In true success story style, Dawson dropped out of school at 16 to start a glamorous life modelling in Europe and New York. Next came fashion and style work in Australia for a long list of titles, and she was regularly photograph­ed in their pages looking suitably fashionabl­e and stylish.

Back in Auckland she was a presenter on TVNZ programmes. That ended unhappily, with Dawson declaring that, ‘‘New Zealand is small, nasty and vindictive. It’s a tiny, little village … a tiny country at the end of the earth.’’

She briefly married a top Australian swimmer, Scott Miller, an event recorded in glamorous photograph­y. His promising career also turned to tragedy when he became addicted to drugs.
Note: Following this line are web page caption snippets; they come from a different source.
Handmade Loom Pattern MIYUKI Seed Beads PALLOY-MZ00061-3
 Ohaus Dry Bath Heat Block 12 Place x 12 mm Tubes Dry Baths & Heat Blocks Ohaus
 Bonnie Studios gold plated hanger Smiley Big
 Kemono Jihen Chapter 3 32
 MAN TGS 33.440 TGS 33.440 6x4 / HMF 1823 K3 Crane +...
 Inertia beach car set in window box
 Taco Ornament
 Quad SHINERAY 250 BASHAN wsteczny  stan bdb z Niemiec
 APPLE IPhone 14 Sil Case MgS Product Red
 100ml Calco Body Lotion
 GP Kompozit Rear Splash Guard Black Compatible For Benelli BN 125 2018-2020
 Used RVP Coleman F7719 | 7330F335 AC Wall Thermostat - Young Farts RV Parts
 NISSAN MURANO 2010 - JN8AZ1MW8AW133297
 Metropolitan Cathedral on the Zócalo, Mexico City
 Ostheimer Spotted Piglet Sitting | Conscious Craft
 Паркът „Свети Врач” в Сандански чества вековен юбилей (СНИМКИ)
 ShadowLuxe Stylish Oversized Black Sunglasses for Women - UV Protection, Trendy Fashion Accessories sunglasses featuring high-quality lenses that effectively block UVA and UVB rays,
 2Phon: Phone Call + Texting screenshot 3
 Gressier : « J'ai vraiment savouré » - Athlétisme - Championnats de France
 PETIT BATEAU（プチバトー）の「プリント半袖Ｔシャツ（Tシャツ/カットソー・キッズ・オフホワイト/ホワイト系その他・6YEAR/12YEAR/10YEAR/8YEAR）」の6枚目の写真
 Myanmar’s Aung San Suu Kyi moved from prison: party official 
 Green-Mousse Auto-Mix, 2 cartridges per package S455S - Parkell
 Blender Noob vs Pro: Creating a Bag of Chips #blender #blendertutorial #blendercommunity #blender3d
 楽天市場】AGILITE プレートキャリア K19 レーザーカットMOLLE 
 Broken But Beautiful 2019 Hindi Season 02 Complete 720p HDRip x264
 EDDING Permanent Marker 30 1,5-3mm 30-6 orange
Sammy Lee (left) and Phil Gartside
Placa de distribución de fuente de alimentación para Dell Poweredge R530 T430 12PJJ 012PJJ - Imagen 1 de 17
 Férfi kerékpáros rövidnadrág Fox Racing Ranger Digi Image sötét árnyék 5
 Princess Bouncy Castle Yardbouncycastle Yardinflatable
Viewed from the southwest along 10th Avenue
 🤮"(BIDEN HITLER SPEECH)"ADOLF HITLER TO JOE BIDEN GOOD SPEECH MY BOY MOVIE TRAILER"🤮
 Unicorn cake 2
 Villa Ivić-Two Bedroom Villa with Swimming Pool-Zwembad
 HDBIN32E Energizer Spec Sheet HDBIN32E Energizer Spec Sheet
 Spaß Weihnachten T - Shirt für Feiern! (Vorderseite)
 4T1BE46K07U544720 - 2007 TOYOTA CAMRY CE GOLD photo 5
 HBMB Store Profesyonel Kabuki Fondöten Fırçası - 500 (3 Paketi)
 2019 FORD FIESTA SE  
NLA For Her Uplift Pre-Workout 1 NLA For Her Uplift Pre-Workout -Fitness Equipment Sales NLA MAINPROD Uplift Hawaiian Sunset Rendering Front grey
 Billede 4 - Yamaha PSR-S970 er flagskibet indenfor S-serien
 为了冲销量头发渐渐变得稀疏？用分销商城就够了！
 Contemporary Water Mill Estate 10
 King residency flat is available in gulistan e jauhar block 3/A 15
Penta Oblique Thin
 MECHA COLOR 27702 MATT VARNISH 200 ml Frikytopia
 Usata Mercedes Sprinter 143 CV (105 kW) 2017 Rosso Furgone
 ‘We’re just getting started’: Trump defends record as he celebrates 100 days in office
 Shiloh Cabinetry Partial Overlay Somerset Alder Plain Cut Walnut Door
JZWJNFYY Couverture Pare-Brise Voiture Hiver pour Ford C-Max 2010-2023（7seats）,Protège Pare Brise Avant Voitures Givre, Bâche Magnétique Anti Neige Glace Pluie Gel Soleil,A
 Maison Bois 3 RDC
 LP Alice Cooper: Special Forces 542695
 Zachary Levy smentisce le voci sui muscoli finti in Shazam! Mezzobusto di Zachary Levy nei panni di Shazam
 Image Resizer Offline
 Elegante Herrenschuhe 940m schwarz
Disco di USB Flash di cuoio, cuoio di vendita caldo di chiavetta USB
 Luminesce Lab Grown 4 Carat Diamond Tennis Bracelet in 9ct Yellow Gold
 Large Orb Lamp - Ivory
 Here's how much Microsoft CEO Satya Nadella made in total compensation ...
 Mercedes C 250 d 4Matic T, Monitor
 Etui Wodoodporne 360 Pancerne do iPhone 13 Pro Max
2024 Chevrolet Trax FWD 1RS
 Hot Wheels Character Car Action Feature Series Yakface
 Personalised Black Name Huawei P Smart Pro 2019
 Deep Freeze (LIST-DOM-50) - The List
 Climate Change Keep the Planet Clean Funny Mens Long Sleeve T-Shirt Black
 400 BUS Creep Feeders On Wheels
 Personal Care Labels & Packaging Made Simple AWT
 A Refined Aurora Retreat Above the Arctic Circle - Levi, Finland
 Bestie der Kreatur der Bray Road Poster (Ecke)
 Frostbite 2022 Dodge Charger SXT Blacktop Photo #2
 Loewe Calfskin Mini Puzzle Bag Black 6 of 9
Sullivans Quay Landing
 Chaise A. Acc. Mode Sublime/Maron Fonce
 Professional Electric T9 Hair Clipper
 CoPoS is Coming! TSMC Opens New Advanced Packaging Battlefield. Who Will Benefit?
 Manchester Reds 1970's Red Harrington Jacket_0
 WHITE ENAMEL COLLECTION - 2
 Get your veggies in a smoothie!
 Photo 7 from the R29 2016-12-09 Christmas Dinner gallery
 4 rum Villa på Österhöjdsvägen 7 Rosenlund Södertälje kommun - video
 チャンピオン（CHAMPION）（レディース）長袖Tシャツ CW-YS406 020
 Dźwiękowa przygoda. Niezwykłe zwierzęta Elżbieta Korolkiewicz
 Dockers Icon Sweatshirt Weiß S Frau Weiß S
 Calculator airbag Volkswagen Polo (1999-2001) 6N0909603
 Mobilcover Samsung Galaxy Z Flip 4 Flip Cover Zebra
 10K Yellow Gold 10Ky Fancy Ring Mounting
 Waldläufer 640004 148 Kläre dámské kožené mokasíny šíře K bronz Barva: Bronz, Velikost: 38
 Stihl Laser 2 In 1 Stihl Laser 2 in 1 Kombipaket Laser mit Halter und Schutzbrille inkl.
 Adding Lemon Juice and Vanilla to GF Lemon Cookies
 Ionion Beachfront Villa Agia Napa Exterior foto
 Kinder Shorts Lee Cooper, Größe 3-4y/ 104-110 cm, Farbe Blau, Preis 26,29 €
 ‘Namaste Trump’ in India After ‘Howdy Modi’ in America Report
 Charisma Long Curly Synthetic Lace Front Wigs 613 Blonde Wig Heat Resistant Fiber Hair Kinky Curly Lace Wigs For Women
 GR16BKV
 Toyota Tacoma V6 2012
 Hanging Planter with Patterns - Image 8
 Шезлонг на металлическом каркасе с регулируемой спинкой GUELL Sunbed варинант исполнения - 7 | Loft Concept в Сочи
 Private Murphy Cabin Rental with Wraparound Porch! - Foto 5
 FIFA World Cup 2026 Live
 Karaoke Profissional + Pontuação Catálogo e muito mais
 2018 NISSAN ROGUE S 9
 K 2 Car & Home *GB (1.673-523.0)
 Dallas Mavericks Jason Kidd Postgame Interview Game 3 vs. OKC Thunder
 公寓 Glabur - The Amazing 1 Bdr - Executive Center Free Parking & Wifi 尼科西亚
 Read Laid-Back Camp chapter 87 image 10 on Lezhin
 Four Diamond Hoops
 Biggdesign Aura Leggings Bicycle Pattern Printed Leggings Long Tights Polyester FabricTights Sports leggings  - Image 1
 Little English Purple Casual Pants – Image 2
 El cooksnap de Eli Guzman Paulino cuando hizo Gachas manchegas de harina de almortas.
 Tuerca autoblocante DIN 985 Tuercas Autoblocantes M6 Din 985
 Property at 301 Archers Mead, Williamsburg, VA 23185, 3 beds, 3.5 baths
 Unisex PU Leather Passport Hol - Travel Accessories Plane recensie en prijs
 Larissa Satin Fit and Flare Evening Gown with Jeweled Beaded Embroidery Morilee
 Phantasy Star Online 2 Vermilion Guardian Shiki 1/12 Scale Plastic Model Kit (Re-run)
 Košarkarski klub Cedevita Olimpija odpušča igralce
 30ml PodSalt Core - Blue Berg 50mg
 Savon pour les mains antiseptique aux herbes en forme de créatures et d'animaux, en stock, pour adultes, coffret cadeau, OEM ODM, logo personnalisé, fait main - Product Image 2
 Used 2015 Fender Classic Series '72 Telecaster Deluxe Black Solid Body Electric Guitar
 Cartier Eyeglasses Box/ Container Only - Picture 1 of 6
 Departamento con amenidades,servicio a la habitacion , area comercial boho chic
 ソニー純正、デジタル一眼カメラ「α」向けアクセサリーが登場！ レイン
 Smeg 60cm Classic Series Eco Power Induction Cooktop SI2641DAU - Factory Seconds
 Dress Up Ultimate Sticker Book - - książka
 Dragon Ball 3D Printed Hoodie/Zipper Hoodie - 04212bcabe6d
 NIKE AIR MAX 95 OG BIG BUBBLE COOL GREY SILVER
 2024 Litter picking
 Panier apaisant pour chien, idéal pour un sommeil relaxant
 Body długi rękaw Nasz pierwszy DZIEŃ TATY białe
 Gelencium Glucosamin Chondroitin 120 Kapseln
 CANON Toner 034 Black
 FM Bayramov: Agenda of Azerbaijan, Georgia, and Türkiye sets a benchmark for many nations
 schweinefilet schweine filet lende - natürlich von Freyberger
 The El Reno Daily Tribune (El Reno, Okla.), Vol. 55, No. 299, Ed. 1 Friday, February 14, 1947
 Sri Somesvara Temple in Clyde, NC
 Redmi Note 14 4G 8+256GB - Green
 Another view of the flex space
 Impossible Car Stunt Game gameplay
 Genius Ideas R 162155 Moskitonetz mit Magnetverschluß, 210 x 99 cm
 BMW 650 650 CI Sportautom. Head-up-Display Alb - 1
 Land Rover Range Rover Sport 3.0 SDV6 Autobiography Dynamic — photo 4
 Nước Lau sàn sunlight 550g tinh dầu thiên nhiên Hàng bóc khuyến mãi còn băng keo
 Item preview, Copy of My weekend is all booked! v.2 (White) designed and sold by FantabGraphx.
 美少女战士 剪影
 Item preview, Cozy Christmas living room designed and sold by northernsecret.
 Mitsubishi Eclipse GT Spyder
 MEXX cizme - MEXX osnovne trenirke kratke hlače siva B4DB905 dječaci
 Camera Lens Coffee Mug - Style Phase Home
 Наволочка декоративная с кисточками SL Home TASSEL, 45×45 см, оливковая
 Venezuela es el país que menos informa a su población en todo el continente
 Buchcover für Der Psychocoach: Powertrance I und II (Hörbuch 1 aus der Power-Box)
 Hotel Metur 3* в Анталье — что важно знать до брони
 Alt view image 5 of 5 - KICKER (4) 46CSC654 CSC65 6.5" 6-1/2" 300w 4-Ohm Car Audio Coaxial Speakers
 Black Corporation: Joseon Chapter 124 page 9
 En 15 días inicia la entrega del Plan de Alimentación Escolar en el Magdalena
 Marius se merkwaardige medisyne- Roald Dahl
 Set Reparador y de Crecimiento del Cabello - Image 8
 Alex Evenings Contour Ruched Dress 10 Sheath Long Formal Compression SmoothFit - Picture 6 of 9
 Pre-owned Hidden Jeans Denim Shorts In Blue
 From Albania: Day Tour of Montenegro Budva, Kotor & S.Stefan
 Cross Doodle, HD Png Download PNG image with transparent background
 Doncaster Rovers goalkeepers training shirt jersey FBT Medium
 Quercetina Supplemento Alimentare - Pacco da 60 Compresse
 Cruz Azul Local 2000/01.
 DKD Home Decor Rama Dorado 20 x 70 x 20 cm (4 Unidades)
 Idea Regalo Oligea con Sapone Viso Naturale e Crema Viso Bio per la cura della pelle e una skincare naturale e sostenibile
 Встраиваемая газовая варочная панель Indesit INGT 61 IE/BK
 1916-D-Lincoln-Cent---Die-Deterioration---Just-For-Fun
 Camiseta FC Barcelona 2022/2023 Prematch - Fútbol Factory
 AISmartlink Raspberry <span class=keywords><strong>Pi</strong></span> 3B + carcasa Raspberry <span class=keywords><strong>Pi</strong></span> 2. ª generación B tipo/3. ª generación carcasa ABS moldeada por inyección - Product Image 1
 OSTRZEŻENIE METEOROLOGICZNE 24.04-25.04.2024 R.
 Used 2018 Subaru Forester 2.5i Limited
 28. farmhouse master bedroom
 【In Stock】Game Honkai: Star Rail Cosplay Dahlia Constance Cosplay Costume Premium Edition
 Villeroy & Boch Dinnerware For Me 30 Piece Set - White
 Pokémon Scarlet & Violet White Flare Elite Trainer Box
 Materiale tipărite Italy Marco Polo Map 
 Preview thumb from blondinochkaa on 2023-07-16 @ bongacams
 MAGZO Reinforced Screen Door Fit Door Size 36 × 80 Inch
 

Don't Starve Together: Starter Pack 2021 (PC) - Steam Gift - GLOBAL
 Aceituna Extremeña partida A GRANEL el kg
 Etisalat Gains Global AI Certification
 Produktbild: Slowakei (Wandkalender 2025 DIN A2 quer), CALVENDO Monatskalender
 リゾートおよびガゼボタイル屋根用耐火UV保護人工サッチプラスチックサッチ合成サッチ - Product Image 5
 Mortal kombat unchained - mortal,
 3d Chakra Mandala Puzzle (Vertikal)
Dawson blamed him for the severe depression she suffered after she had an abortion at his insistence, giving an Australian magazine the headline, ‘‘I gave up my baby for my husband.’’

We learned, along the way, that she’d been sexually abused by a neighbour when she was six years old.

When she died Dawson was best known here as the host of Getaway, and in Australia as a judge on Australia’s Next Top Model. She was out of work, and her flat in Sydney’s prestigiou­s

Woolloomoo­loo was for sale. A real estate agent found her body when he called to inspect the place before the auction.

Flack’s last known words were, ‘‘Be nice to people. You never know what’s going on. Ever.’’ Dawson might have said the same, though she let the world know everything.

Sometimes, thanks to tabloid and social media, we know too much. I actually didn’t need to know any of this.